Tuesday, May 19, 2015

Billy the Musical

Music is one of the very few things 
in this world that remind me that i'm human. 

When I think about why I'm here my brain 
becomes cloudy. 
Religion? God? 
Well Yes, I've always known that 

But where does truth live, and who says 
what you say is truth and what I say is not? 
Who says that this is not real, not full expression, 
not authenticity?
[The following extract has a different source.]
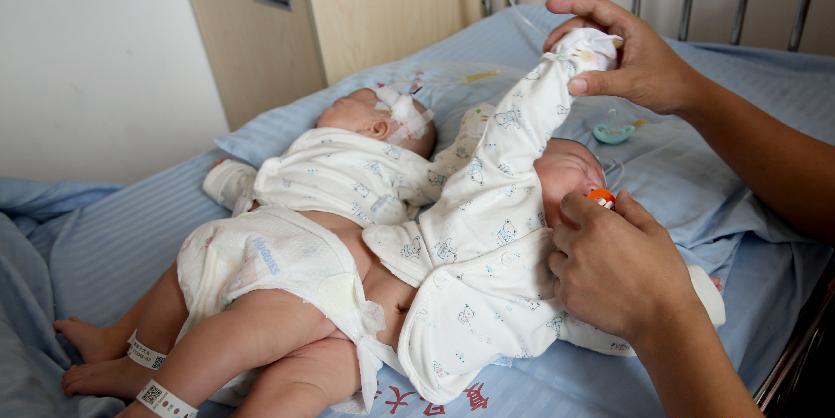 一對連體女嬰成功分離 一對連體女嬰成功分離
Who says? 

You see, music makes me human because it possesses 
me without ever talking to me. 
Music never yells, 
and it makes me cry. 
Boy does it make me cry
Usually on long car rides
alone
when i'm so insanely happy my cheeks hurt from
rambunctious smiles 
or so incredibly alone that five people don't answer their 
phones in a row
and my eyes droop to the back of my head with silence. 

Today I heard a song and imagined sweet sweaty hands holding 
my small round head singing it to my perfectly chapped perfection lips

Then I sat next to an artist and we harmonized over ukuleles 
and skittles 

Music has me so strung out that I could model my whole existence off of it
Become a musical and dedicate my life to it. 
Have a dream and say "I'm Fantine! Now let me sing!" 
Then Die. 
I hate that Fantine dies. She was such an important part to Jean 
and his future, their future. 

I'm sorry if you don't get my references by the way. 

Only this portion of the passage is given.